I think she will finally realize that Mary Magdalene represents the Moon in astrology, just as Jesus represents the Sun, and the twelve apostles represent the constellations of the zodiac. The paintings of Mary Magdalene represent Taurus and Scorpio of the zodiac. That is, they symbolize procreation vs recreation. Mary is never represented as an old woman no long capable of having more babies. She represents the very concept of impregnability, Taurus, as opposed to woman as a dried up (non-menustrating), clever old hag/crone bearing poisoned apples and mirrors. Scorpio. Death, and re-creative sex.

AAAAAaaaaaiiiiiyyeeeeeee!!!

The hastily drawn metaphor above is the first ti-me I've ever used an old woman who has gone through menopause as a symbol of Scorpio or of Death, but it won't be the last. Why am I always the last to know?

People like me who have studied astrology just enough to be dangerous understand what can happen once your knowledge of the rudiments surpasses that of your critics, and you can easily prove that such is so. Who's gonna tell you "NO! No. You've broke the rules. It doesn't work that way. You can't ethically or morally do that and survive without having to murder your own self to stop the madness!" Nobody knows.

I can't imagine it's any different in nuclear physics except for acquiring the necessary hardware. If you had control of the hardware, nobody could stop you because you're a prophet with an audience of One. Nobody would have the experience or insight to understand your nefarious goals or even that your goals were nefarious unless you sat down with a few bottles of wine between me-and-thee, and throughly explained yourself to a competent listener.

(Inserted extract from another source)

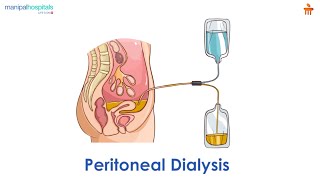 What is Peritoneal dialysis l Manipal Hospitals Bengaluru [upl. by Dalury]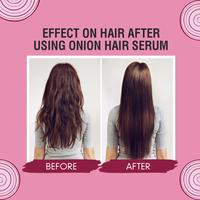 Thumbnail for Nuerma Science Onion Hair Serum with Jaborandi Oil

If practically any nuclear physicist was hell-bent of destroying the world with a self-conceived nuclear holocaust, nobody would know. That's why after they got their mojo working toward that end, and if they suddenly regretted it, the only way the world could be saved would be for they themselves to murder they own self to save the world from their unobservable intent. Who else would gnow self-murder needed doing but the hypothetical perpetrator? Would this be some exotic form of vain-glorious, self-induced regicide?

If this is some peripheral form of regicide that happens when some brave soul ventures beyond the pale of commonality and tries to reap the whirlwind (Dragon) to prove his mettle to the ladies-in-waiting? Dragons are mythical and only ex-is-t by abstraction, but the sword that dubs the knight is sometime double-edged and created to cut through flesh and bone both ways. That's what you gotta do to kill the Medusa. Cut off one of her heads on the first slice and another on the backhand. Zippity-doo-dah! Bouncing heads and mixed-metaphors galore!

For some people like this who have educated themselves on some obscure or solemn topic beyond the reach of a competent critic, they tend to take their spawn with them when they go. It's really not unusual anymore to find out via the media that some husband and father has murdered his wife AND children, and then himself. I've seen stories of the wife killing all the children, then herself, and leaving the proposed monster father and husband to live with the shame of their tragic obliteration. To me, it's as if they're trying to not only stop the madness they have discovered in themselves, but by killing their own children they are trying to keep it from spreading like a disease.

I must have had an extreme reaction to seeing some photographs of some of the beggars of Bombay. The pictures were accompanied by sworn testimony that some or most of the beggars had maimed themselves to attract more pity towards themselves, and thus earn more alms. My immediate intuition was that they could have as easily (or not) have generated within themselves a tumorous cancer. I began to "believe" that's where diseases of all kinds come from originally. Despair. It's almost like a required course on the hero's journey. Not the breath-stopping seven-come-eleven roll of the dice, but snake-eyes. POOF!